Семен обошел весь двор, проверил посты и вернулся гротам. Здесь он присел под деревянным навесом и закурил. Сладко ныли уставшие от дневной работы плечи. От влажной бурки шел особенный, уютный, усыпляющий запах мокрой шерсти. А дождь все шелестел и шелестел, словно сыпался мелкий песок на стол.

Незаметно Семен или задремал, или просто задумался. Только привиделась ему родная хата-завалюха и мать – такая, какой была она лет двенадцать назад – молодая, румяная. Стоит она, склонившись над столом, и сеет муку. И себя видел Семен голопузым, белобрысым мальчишкой. Будто бегает он вокруг стола и просит у матери хлеба…

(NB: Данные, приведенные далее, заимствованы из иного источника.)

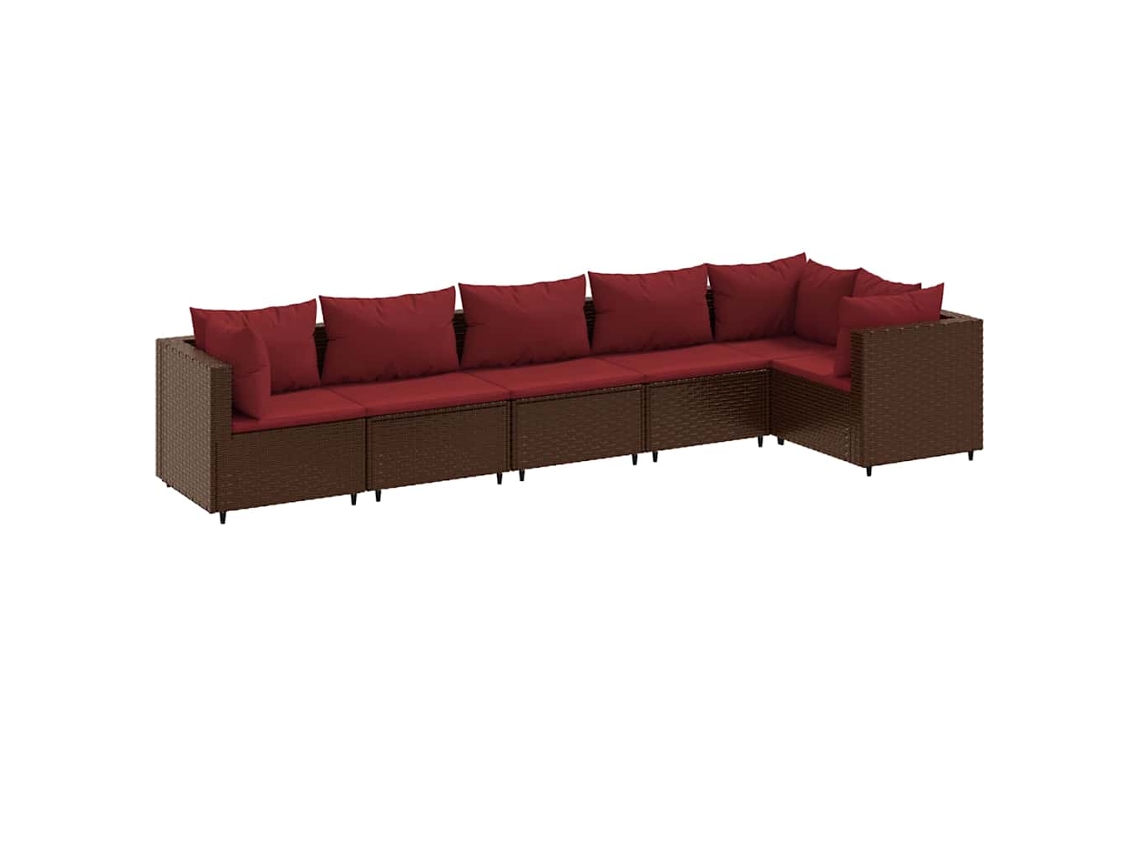 Conjunto de 6 Pcs Lounge Jardim com Almofadões Vime Pe Castanho MAISON EXCLUSIVE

Какой-то неясный не то крик, не то стон разогнал сонное оцепенение. Вскочил Ревенко, вскинул винтовку, выставил вперед штык.

И сейчас же послышались чьи-то тихие шаги. Кто-то шел от жилого здания и грязь чавкала у него под ногами…,.

– Стой! Кто идет? – настороженно выкрикнул Семен.

– Я, друже! – ответил знакомый, мягкий тенорок Никодима.

– Чего ты по ночам блукаешь? – ворчливо спросил Ревенко, опуская винтовку.

– Да знаешь, друже, какое дело вышло, – засмеялся Никодим, вплотную подходя к Семену. – Проснулся я и до того мне захотелось закурить, хоть помирай. А махры ни крошки. Вот я и вышел на двор, хоть щепотку махорочки достать.

– А крика ты никакого не слышал?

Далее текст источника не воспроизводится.